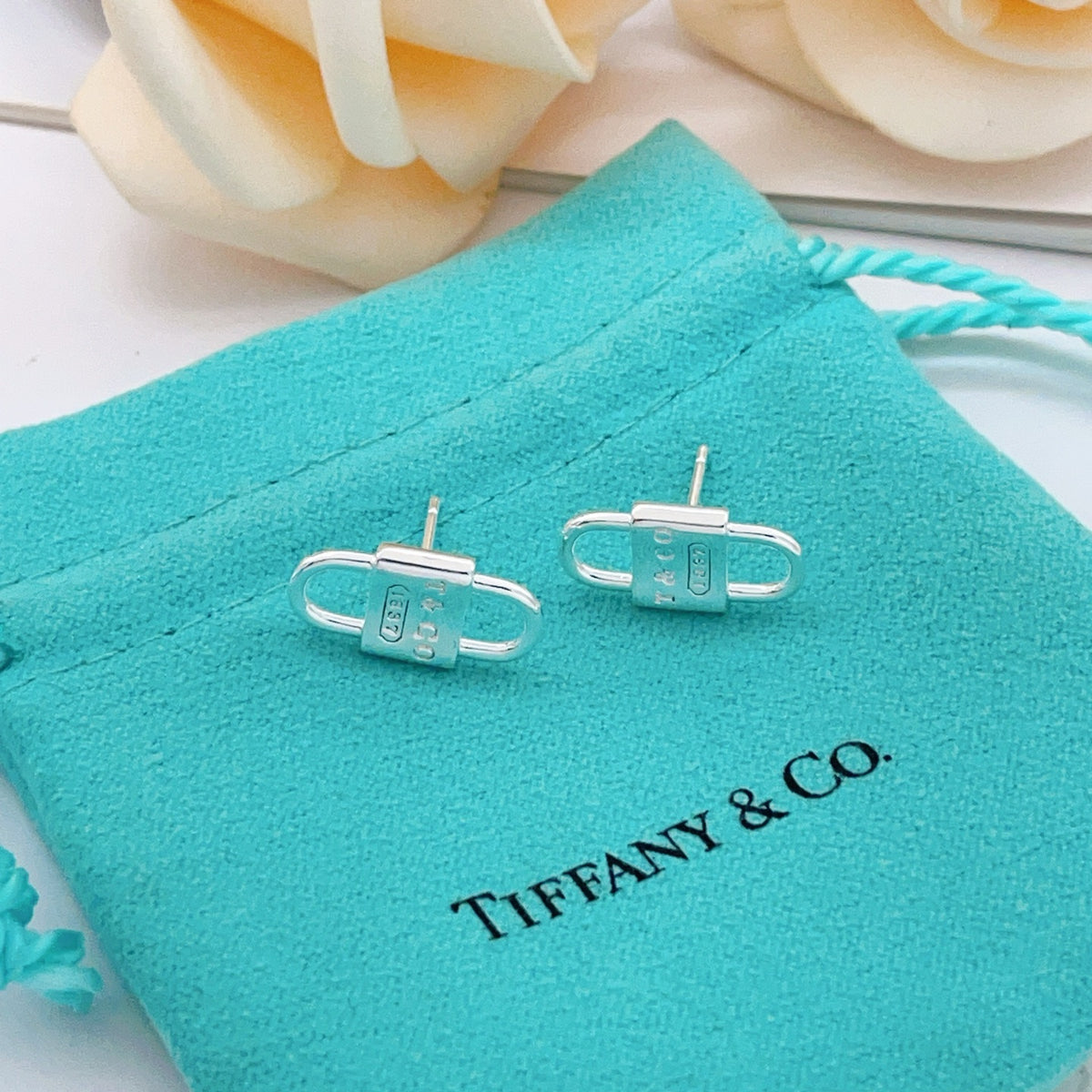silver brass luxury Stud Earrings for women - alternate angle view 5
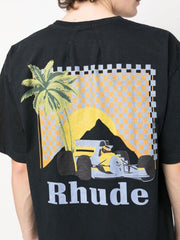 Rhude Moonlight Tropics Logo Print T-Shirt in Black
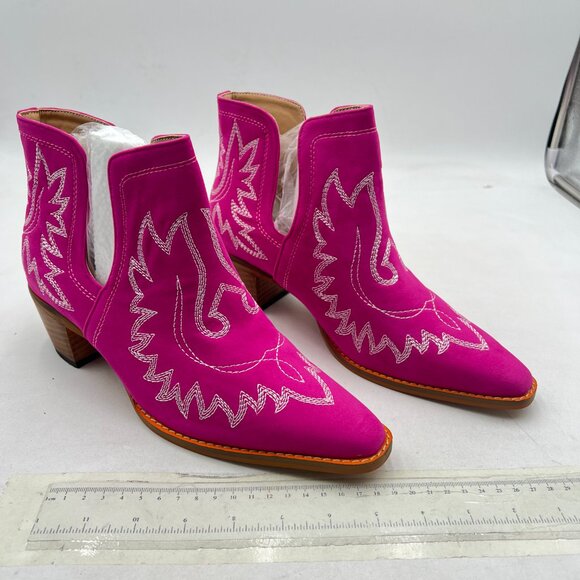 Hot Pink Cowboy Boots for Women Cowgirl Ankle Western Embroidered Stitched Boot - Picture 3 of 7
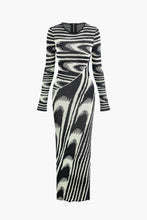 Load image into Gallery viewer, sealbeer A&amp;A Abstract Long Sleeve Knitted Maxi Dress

####################

Work order: The answer should be the full material above, printed exactly, with no pictures in it.

Answer space:
silver brass luxury Stud Earrings for women - alternate angle view 5
 Rhude Moonlight Tropics Logo Print T-Shirt in Black
 Hot Pink Cowboy Boots for Women Cowgirl Ankle Western Embroidered Stitched Boot - Picture 3 of 7
 Load image into Gallery viewer, sealbeer A&amp;A Abstract Long Sleeve Knitted Maxi Dress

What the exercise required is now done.